What with social media, why would anyone go to a high school reunion? Especially a 50th one! Well, there’s the web and then there’s face to face, rather than Facebook. The latter is OK for casual updates; in person is real. In the end, I went.
Nearly everyone encouraged me to go. I remained ambivalent. I had positive memories of a hip and inspiring English teacher. I learned to write up lab reports creatively in an advanced physics class. The reports confirmed expected outcomes, despite the experiments failing to do so. That came in handy later in college and for doing budget submissions at work.
Then there were the negatives. I had few friends and didn’t get to know many people well. Teenagers can be cruel, as we all know. But it’s been 50 years.

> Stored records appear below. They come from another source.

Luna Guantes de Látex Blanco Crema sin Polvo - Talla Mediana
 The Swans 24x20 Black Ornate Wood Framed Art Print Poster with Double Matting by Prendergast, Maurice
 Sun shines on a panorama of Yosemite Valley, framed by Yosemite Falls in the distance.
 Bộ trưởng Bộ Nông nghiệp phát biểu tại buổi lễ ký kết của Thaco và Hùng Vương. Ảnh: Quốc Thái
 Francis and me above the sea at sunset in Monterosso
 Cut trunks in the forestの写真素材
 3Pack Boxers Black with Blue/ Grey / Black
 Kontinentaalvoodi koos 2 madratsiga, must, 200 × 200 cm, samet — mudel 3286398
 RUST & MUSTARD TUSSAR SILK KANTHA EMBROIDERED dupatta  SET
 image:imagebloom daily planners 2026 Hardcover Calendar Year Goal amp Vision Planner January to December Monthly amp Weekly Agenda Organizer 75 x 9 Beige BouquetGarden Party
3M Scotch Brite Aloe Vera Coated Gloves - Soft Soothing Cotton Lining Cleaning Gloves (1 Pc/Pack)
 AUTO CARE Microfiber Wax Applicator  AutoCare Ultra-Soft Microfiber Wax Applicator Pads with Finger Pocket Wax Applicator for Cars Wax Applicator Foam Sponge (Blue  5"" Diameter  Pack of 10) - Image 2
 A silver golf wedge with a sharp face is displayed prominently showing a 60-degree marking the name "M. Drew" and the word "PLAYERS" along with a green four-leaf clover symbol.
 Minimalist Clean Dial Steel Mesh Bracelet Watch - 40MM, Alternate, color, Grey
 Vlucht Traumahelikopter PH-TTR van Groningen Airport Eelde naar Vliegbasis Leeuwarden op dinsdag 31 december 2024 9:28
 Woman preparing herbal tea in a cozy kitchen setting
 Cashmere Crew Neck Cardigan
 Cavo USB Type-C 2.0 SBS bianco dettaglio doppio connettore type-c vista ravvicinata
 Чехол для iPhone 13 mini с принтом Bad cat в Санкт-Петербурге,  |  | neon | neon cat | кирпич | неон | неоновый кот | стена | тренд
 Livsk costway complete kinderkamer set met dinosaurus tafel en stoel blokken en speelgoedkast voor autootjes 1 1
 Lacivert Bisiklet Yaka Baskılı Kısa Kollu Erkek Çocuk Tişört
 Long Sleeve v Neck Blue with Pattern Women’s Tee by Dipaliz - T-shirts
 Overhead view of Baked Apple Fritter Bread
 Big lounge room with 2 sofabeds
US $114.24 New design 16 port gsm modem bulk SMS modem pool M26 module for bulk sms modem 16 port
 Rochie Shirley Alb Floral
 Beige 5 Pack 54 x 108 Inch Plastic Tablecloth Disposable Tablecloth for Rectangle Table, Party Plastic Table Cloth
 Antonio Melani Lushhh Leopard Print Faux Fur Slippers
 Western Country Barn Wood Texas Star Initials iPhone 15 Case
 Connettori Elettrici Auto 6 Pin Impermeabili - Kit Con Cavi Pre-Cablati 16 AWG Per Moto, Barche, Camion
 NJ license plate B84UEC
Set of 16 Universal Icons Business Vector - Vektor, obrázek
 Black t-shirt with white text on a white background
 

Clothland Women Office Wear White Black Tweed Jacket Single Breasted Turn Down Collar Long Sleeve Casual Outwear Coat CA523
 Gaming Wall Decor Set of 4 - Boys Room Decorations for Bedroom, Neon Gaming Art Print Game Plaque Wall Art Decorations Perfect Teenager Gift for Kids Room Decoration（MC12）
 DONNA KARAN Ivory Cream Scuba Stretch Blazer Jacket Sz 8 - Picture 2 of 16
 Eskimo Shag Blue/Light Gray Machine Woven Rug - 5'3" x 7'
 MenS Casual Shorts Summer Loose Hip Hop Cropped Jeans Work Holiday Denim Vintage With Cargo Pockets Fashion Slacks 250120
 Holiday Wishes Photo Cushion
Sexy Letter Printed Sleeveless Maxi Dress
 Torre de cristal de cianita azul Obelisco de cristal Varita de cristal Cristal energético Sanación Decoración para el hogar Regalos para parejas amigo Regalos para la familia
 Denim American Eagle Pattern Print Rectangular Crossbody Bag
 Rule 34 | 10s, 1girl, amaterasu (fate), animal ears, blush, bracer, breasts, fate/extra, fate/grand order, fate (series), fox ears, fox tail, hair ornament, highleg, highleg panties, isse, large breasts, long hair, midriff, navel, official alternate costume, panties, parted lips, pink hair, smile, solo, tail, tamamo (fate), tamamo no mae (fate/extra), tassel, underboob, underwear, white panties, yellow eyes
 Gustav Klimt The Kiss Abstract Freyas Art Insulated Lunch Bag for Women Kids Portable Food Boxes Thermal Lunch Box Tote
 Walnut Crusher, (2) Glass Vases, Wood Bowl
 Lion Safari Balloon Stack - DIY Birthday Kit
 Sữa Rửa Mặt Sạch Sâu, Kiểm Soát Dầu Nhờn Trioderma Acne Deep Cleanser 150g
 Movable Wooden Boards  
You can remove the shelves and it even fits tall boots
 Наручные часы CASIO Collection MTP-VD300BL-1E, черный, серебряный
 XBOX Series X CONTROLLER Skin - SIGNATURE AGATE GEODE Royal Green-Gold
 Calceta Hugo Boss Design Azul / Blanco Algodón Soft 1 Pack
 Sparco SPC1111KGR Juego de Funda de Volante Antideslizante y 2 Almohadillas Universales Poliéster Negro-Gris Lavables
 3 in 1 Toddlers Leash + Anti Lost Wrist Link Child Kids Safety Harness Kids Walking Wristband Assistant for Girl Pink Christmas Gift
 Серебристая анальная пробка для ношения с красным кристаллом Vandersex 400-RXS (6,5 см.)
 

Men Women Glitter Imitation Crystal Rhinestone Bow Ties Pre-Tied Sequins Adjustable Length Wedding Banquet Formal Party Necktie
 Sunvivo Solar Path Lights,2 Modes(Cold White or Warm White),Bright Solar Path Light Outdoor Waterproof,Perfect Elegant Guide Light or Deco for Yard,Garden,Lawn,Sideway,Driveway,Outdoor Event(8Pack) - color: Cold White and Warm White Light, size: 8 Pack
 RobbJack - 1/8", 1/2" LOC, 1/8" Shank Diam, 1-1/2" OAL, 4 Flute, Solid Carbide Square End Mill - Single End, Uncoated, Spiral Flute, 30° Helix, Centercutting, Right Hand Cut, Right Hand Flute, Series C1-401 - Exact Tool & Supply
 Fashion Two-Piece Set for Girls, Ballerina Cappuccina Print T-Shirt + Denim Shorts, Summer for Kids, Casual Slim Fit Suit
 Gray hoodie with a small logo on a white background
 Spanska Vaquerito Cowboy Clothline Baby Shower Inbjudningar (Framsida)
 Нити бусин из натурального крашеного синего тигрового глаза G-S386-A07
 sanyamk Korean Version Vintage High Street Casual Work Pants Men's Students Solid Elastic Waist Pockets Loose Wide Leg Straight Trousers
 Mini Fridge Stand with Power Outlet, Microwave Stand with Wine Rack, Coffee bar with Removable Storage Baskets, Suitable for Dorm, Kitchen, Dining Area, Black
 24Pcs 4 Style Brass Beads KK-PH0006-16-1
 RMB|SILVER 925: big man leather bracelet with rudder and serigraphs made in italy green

I have grown; the tormenters will have aged and undoubtedly mellowed, I thought. I attended the school only my senior year, living with a brother and his family that took me in after my mother passed away during my sophomore year. We moved from Midland, Michigan to suburban New Jersey so he could commute to a Manhattan office. I didn’t like the move but had no choice in the matter.
In the end, I chose to attend the reunion. How had they all changed? What could they offer me? What could I offer them? Would we inspire, amuse, entertain or confound one another? Which would it be, in the words of Bokonon (from Cat’s Cradle), a granfalloon or a true karass? I assumed the former, but went anyway. To my surprise, it seemed more the latter. Forty or so people showed up, including some spouses that didn’t attend the school. A fair turnout 50 years later. Why did it seem so worthwhile?
The school had a mix of locals and outsiders. Rural kids from the area. Children of NYC commuters. Many who grew up there remain. Most who went to college elsewhere, moved on. Some retired to Florida, only a few, like me, moved far west. They were scarce at the event. I came from New Mexico, others from Colorado and the like.
Everyone was friendly and open. Some humorously recounted their misbehavior fifty years before. Despite the long ago escapades, most had achieved some success in life. Those who planned and executed the event did well, with few mishaps. We went on a pontoon boat tour along the Intracoastal Waterway, past the homes of some rich and famous who have winter homes in Jupiter Beach. Here’s a photo of a few of us older folks on the boat. I’m in the center, before my successful diet of 2017.
Try as I might, I couldn’t recall who among them had troubled me back then. They might have been attendees or not. As could be expected, time smoothed out the wrinkles of life and added them to faces. I had the opportunity to share my book, Waiting for Westmoreland, with a few and told others how writing had become my retirement avocation. In a weekend, I learned more of the people than I had in a year so long ago. I am glad that I did. We had laughs, good conversation and more. I had few friends then; I have more now.